◆ Work order ◆
Give back the full listing verbatim, apart from its images.

◆ Data segment ◆
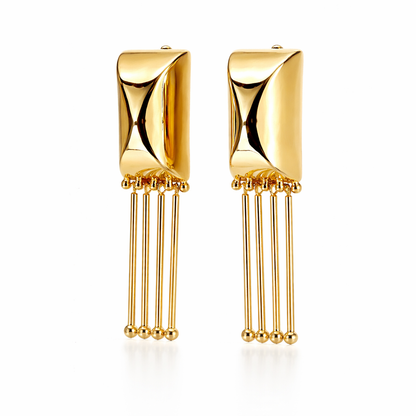 Gold Quilted Rectangle Tassel Bar Earrings with Ball-Tip Rod Drops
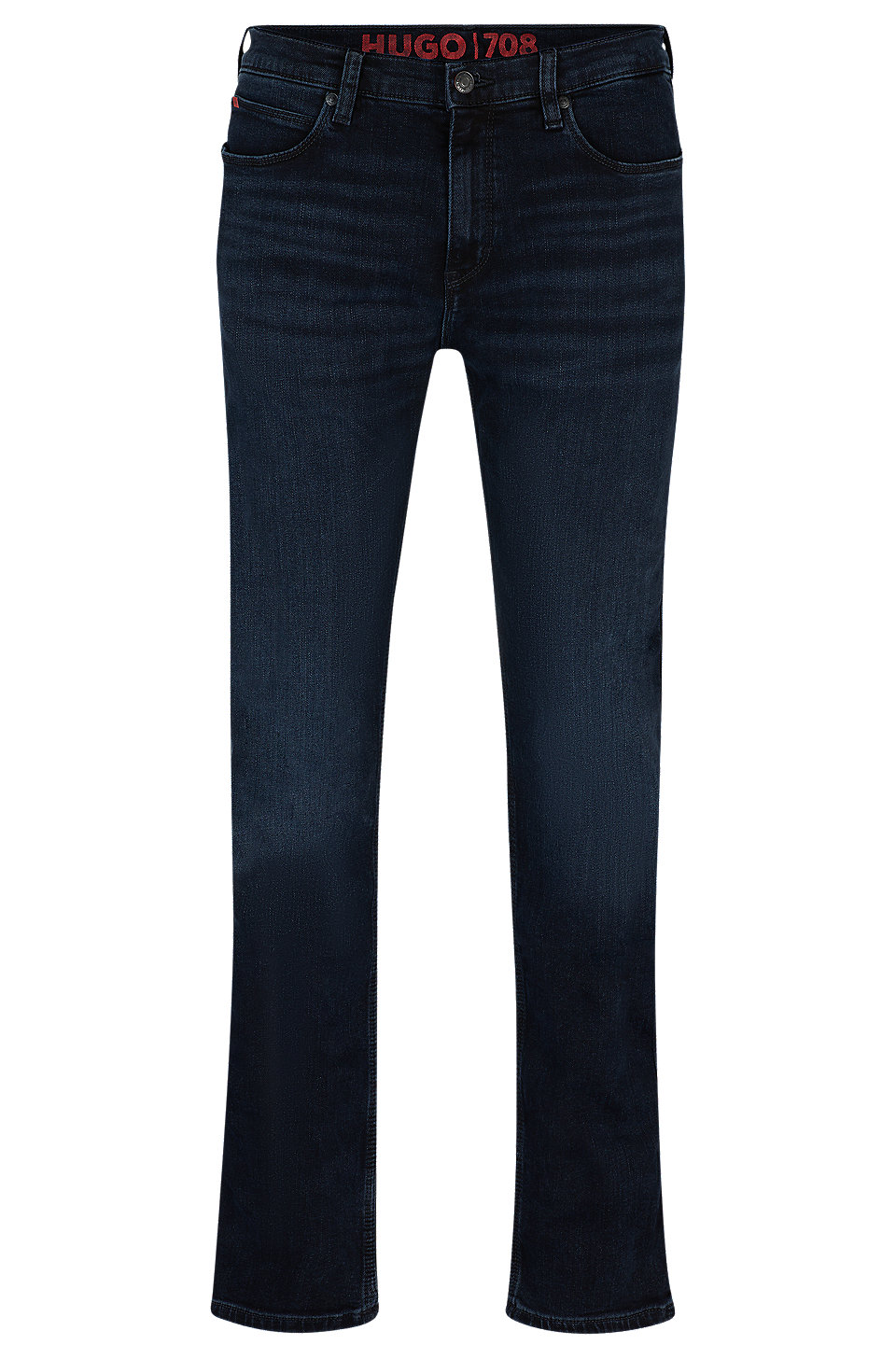 HUGO - Slim-fit jeans in blue-black stretch denim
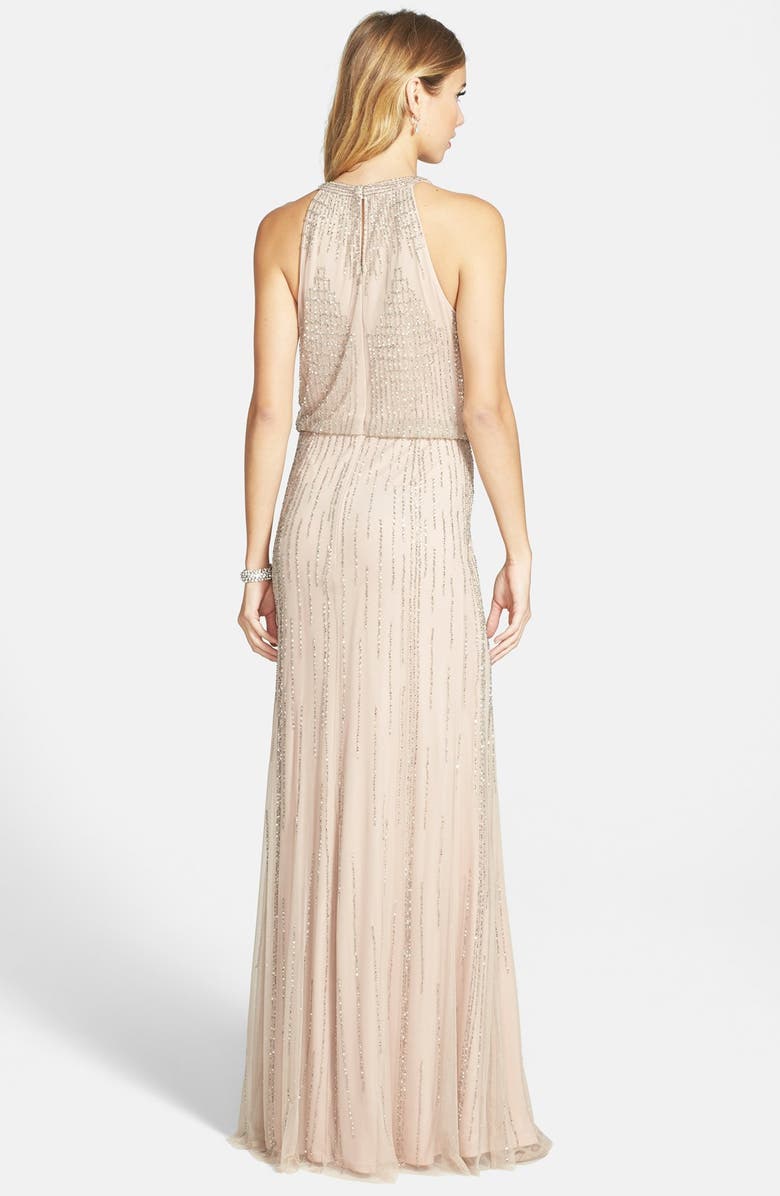 Adrianna Papell Beaded Blouson Gown, Alternate, color, 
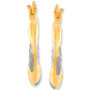 Two-Tone Textured Hoop Earrings in 14k Gold & White Rhodium-Plate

◆ The answer ◆
 Gold Quilted Rectangle Tassel Bar Earrings with Ball-Tip Rod Drops
 HUGO - Slim-fit jeans in blue-black stretch denim
 Adrianna Papell Beaded Blouson Gown, Alternate, color, 
 Two-Tone Textured Hoop Earrings in 14k Gold & White Rhodium-Plate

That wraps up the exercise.